BEGIN

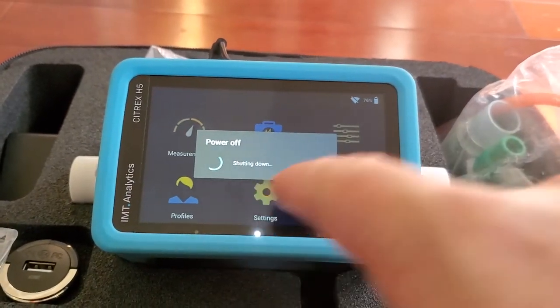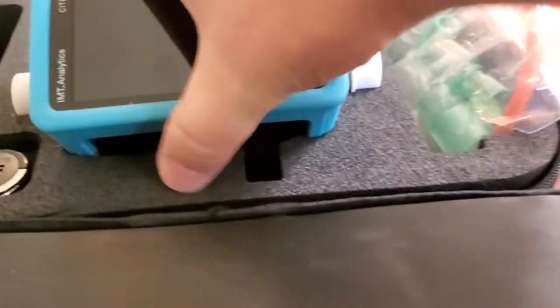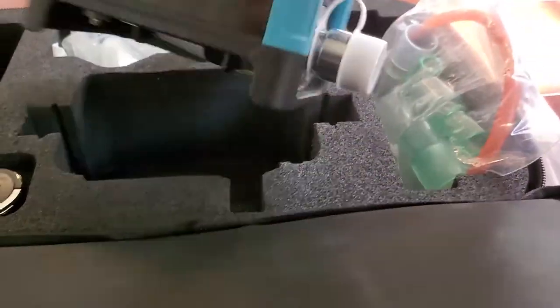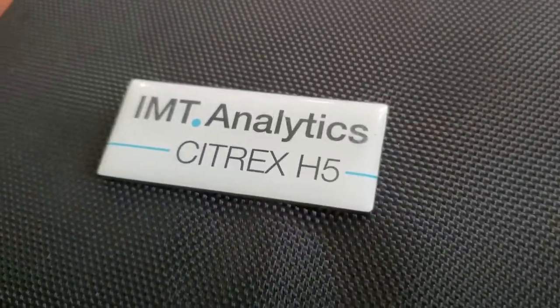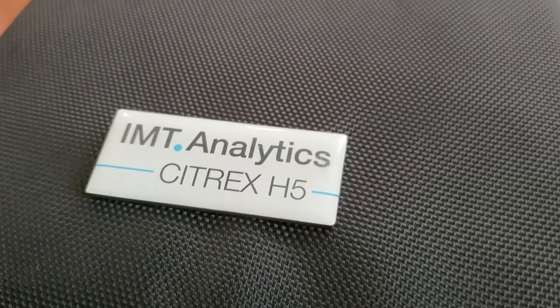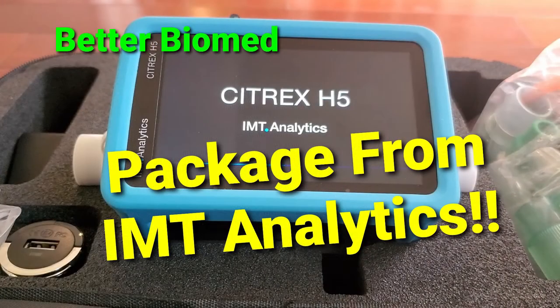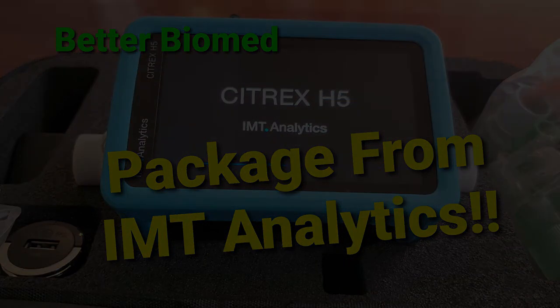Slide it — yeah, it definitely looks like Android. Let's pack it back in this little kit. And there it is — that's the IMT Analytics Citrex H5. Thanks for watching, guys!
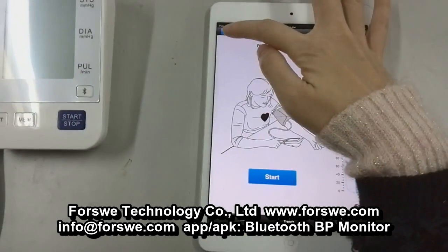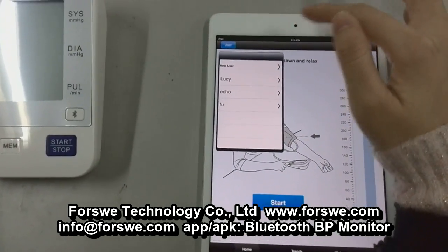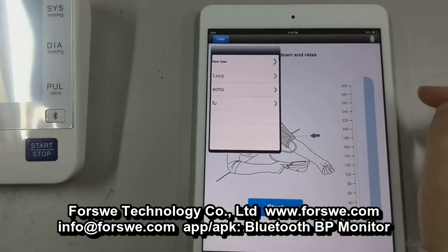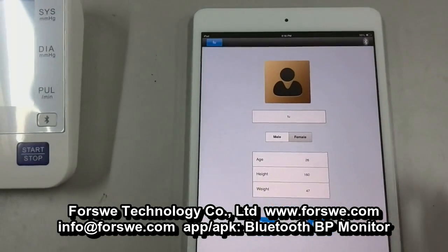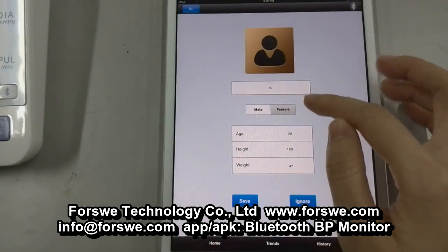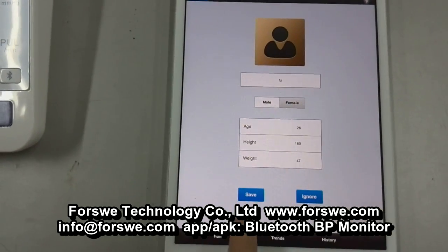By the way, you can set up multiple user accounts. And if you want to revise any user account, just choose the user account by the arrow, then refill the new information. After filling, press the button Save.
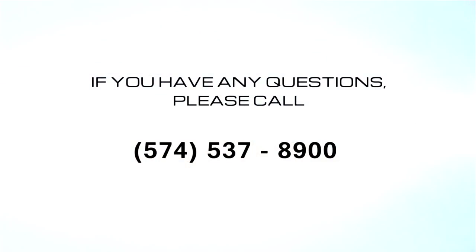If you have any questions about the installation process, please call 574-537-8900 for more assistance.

END
BEGIN

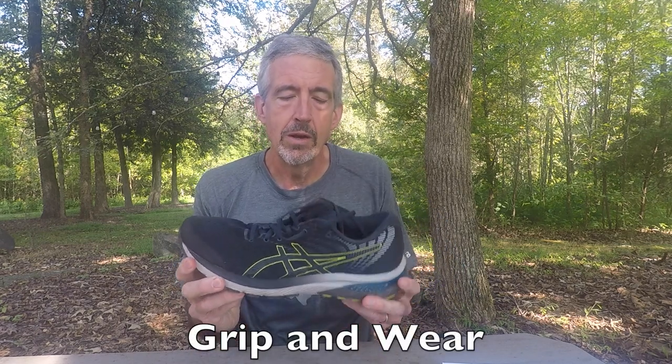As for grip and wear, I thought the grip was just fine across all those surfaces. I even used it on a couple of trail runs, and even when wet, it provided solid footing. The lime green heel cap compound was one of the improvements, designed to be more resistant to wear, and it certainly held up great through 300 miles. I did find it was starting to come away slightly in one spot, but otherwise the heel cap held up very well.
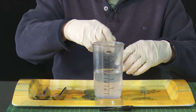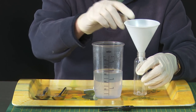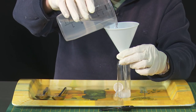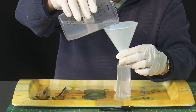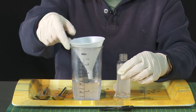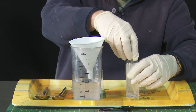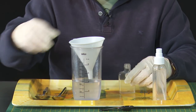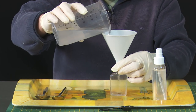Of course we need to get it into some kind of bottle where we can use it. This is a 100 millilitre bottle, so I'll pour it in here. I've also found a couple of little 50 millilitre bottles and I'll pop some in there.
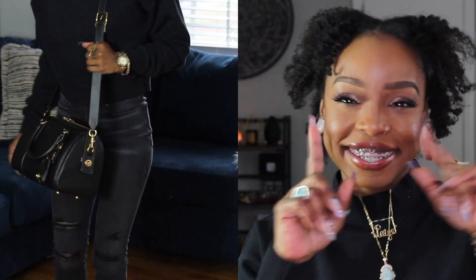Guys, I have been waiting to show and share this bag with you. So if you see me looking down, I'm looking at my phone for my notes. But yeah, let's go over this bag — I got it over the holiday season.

END
BEGIN

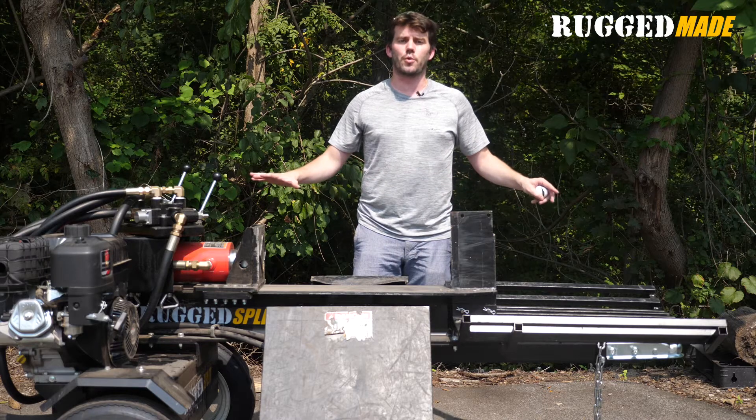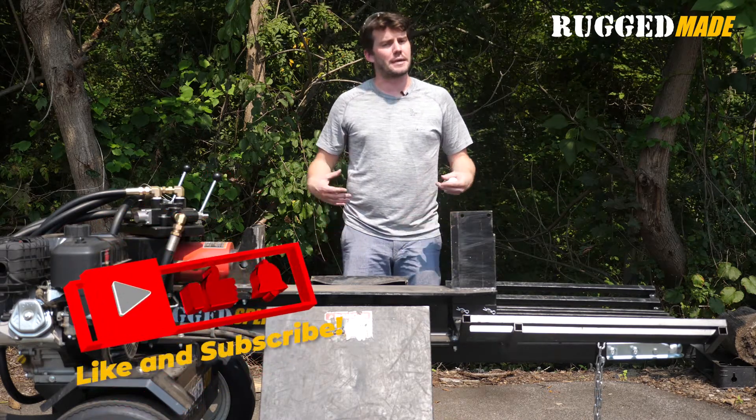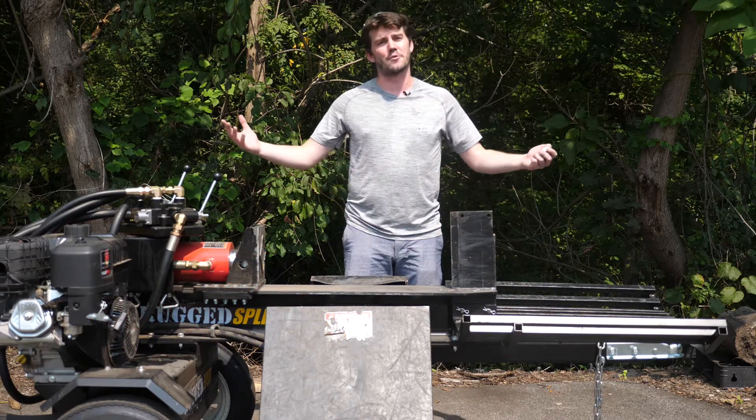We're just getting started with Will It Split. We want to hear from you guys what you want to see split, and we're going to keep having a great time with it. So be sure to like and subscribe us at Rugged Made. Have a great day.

END

Your reply should hold nothing but the lines above, from the one containing "Slide it — yeah, it" to the one containing "If you have", reproduced exactly minus the pictures.

Slide it — yeah, it definitely looks like Android. Let's pack it back in this little kit. And there it is — that's the IMT Analytics Citrex H5. Thanks for watching, guys!
By the way, you can set up multiple user accounts. And if you want to revise any user account, just choose the user account by the arrow, then refill the new information. After filling, press the button Save.
If you have any questions about the installation process, please call 574-537-8900 for more assistance.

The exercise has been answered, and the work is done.